“We are working hard to develop para-canoe in the continent [including the USA and Canada],”
With para-canoe’s debut at the Rio 2016 Paralympic Games edging closer, it is an exciting period for the sport’s growth in the Americas according to Leonardo Maiola, a member of the American Canoe Federation [COPAC].
Maiola who is also member of the para-canoe committee at the Brazilian Canoe Federation believes participation in the sport has never been higher.
“We are working hard to develop para-canoe in the continent [including the USA and Canada],” he said.
“We are trying to find ways to improve para-canoe in countries that don't have this sport by teaching its specialties and the opportunities it can offer using similar materials to canoe sprint [para-canoe's Olympic sister].
“We have seen a growth in countries with para-canoe, but sometimes these countries don’t have funds to enter athletes into international events.
“We are doing courses in countries like Colombia and Uruguay.

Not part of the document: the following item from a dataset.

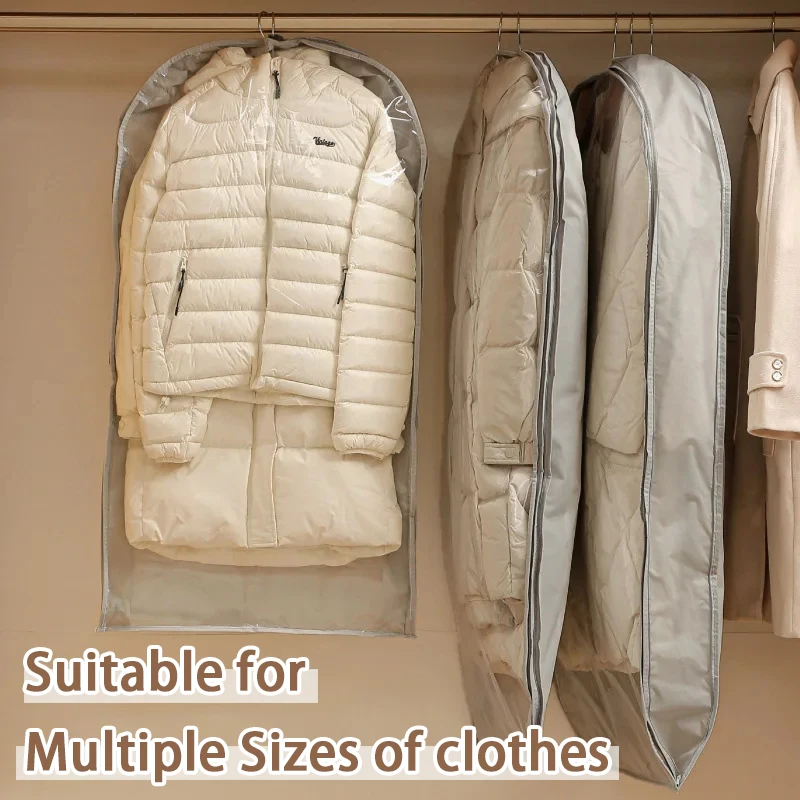 Wardrobe Organizer Bags Down Jacket Air Compression Hanging Bag with Zipper Clothes Dust Cover Bag Save Space Cloth Storage Bag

We promote equality in the sports, in kayak [K1] and va'a [V1]; this is a great possibility for a person with a disability to improve their ability and capacities, so they don't only think about their disability.”
Maiola believes the ongoing investment in developing para-canoe talent identification and podium potential programmes across the territories is producing more and more serious contenders on the world stage.
“Brazil has greats athletes like Fernando Fernandes [de Padua] and Fernando Rufino, both will fight to win the World Championship this year. Brenda Sardon and Lucas Diaz from Argentina; their coach Alejandro Druziuk has done a great job,” he explained.
“On the other side, the North Americans have good athletes like Canada’s Christine Gauthier and the USA’s Megan Blank who are strong names for the next World Championship and Rio 2016.”
For the home nation Brazil, there will be a frenzy of media activity around celebrity-model and four-time World Champion (in K1 A) Fernando Fernandes de Padua, especially if he wins Paralympic gold in 2016.
“Para-canoe is working together with the other Olympic sports in Brazil; if someone has good results consequently the media will open their eyes to others. And I hope para-canoe can get have its own success.”
The challenge going forward for all countries worldwide is adapting to the format of the brand new para-canoe competition ahead of its first appearance at a Paralympic Games.
“The changes in classifications and in the races for Rio 2016 change the work in some [COPAC] countries because they focused on va'a [V1] - athletes were preparing until 2010 in this boat and now these athletes need to change boats and train in K1.”
With a capacity for 10,000 spectators and city centre location, the Lagoa Stadium will not only showcase para-canoe sport to the world during Rio 2016, but will also celebrate the achievements of an ever growing-number of COPAC athletes.